Task details: Copy the entries that appear below in full, leaving out any picture among them.

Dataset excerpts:
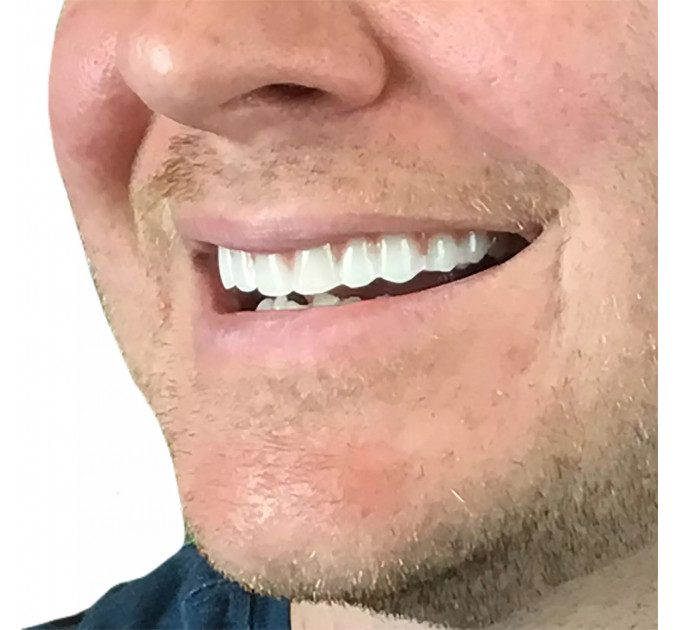 Накладні вініри Instant Smile Natural Shade для верхніх зубів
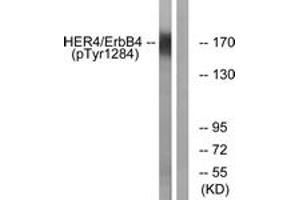 Western blot analysis of extracts from HuvEc cells treated with EGF 200ng/ml 30', using HER4 (Phospho-Tyr1284) Antibody. (ERBB4 抗体  (pTyr1284))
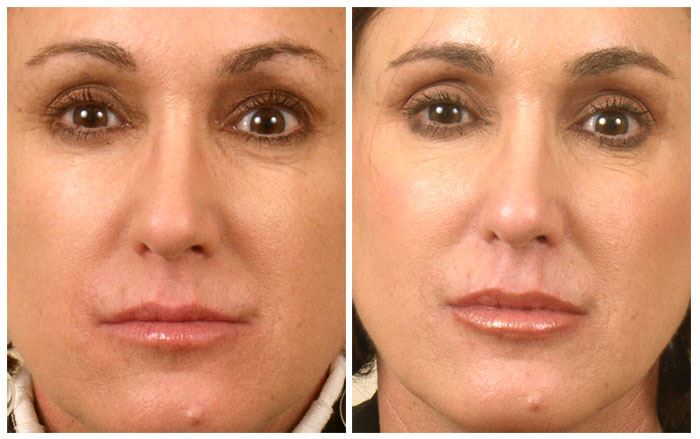 Enhance Your Smile with Lip Augmentation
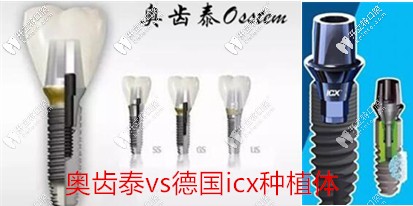 品質(zhì)vs價格,看看德國ICX和韓國奧齒泰種植體到底選擇哪個好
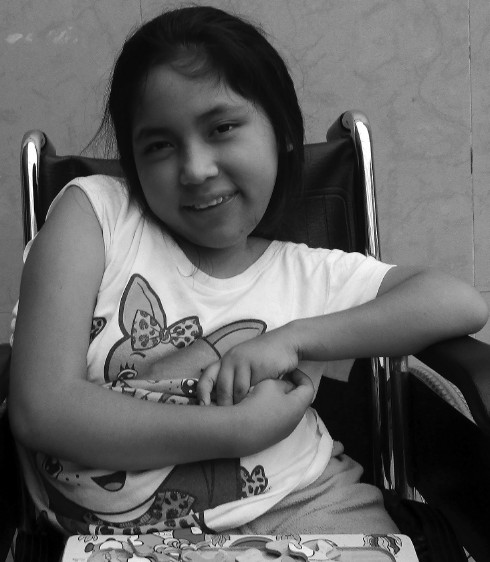 Maria – Severe Scoliosis-Dislocated Hips-Clubbed Feet | Villa La Paz ...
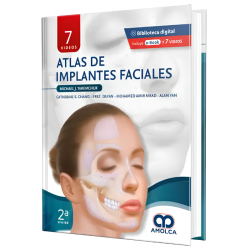 Atlas de implantes faciales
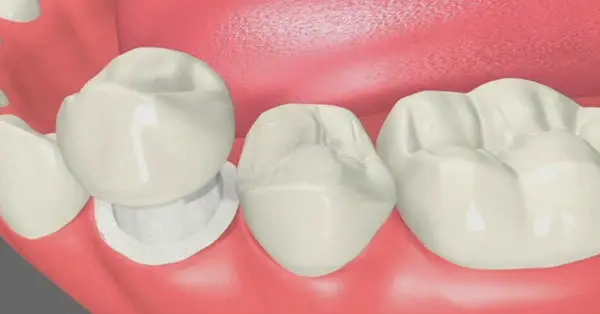 A Complete Guide to Types of Dental Crowns in Palm Desert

Answer to this problem:
 Накладні вініри Instant Smile Natural Shade для верхніх зубів
 Western blot analysis of extracts from HuvEc cells treated with EGF 200ng/ml 30', using HER4 (Phospho-Tyr1284) Antibody. (ERBB4 抗体  (pTyr1284))
 Enhance Your Smile with Lip Augmentation
 品質(zhì)vs價格,看看德國ICX和韓國奧齒泰種植體到底選擇哪個好
 Maria – Severe Scoliosis-Dislocated Hips-Clubbed Feet | Villa La Paz ...
 Atlas de implantes faciales
 A Complete Guide to Types of Dental Crowns in Palm Desert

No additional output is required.